Он разводит руками, устало пожимая плечами:
— Е come si fa а саmрá’? (Разве иначе проживешь?) На обратном пути самое тяжкое — выносить его взгляд: покорный, униженный, покаянный. Он признался в мелких кражах чуть ли не полицейскому — образованный человек, синьор, не может не быть заодно с властями. Я сую ему тысячу лир:
— На, своди жену в кино и купи ей gelato[136]
.Перестав орудовать шестом, рыбак рассматривает деньги… Потом стирает тыльной стороной руки слезу, повисшую на морщинке, и, сам того не желая, цинично улыбается:
— На этой неделе я еще не стану bессо!
Я всегда задавался вопросом, будет ли осужден Жан Вальжан в день Страшного суда. Ни грубый тон, ни тыканье не в моих привычках: я пересказал эту сцену с единственной целью показать, что эти люди с их покорностью судьбе сами становятся помехой переменам, которые пошли бы им на пользу. Смирение они всасывают с молоком матери. С помощью карабинеров, церкви и нанимателей общество душит в них малейший протест. И не видя для себя иного выхода, кроме бегства, эмиграции, они живут с сознанием своей принадлежности к существам низшего сорта, едва возвышающимся над животными, и смиряются со всем, лишь бы выжить. Я не утверждаю, что они любят signore, но они, как правило, считают, что signore не должен ронять себя. Поступая иначе, я не только ничего не выведал бы у рыбака, но еще и заслужил бы его презрение. Я утверждаю, что в Италии меня больше всего возмутил тот горестный факт, что одни люди сознательно добились превращения других в существа низшего сорта. А добившись этого, они объясняют вам, что раскрепощение, освобождение бедняков, недочеловеков невозможно, невыгодно им самим.

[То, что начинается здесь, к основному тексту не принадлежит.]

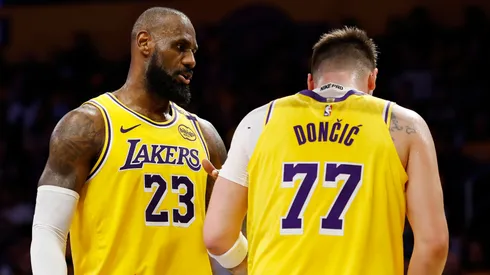 LeBron James #23 and Luka Doncic #77 of the Los Angeles Lakers react.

И тут я должен признать, что ветеринар, с которым мы беседовали накануне, был прав: строгим соблюдением закона чести — устарелого, ребяческого, грубого — несчастные хоть как-то защищают свое человеческое достоинство. Отнимите у них кинжал — и они уже не что иное, как обыкновенные люмпены.

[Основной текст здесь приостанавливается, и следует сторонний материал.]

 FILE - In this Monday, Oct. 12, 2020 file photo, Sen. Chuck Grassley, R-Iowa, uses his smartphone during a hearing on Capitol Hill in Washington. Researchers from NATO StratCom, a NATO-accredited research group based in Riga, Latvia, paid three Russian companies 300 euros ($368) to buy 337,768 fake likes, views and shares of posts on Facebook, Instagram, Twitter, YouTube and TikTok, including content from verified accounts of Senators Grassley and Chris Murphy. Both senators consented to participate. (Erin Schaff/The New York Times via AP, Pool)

После кооператива мы посетили Mare Morlo — большой спокойный залив с пляжем из тонкого песка. Каждый сезон здесь в хижинах из соломы обосновывается колония рыбаков из Альгеро, выходцев из Каталонии. Они тоже образуют своего рода кооператив, устав которого не писан, но освящен традицией и передается устно от отца к сыну.
Самое поразительное — царящая в этих хижинах чистота. Одна из женщин приглашает нас войти и оказать милость, откушав вместе с ее семейством. Мы вежливо отказываемся. За свои шестьдесят лет другой жизни она не знала. Дети? Конечно, у нее были дети! Двадцать один ребенок, семеро выжили, некоторые женаты, у нее тридцать шесть внуков. Присев на корточки в углу, ее муж — маленький, чахлый, с загорелым морщинистым лицом, беззубым ртом и мигающими глазами — посмеивается. Супруги переглядываются. Мы с женой подпрыгиваем: можно поклясться, что в их глазах загорелся лукавый огонек. Неужели двадцать второй?
Глава колонии, предупрежденный о нашем визите, прибегает, чтобы оказать нам соответствующий прием. Мы проходим по лагерю. В этот час женщины подают la pasta — огромные, пантагрюэлевские порции спагетти, которые каждый уносит с собой в тень или на солнце на куске оберточной бумаги. Километры теста они уписывают с такой быстротой, что бумага не успевает прорваться.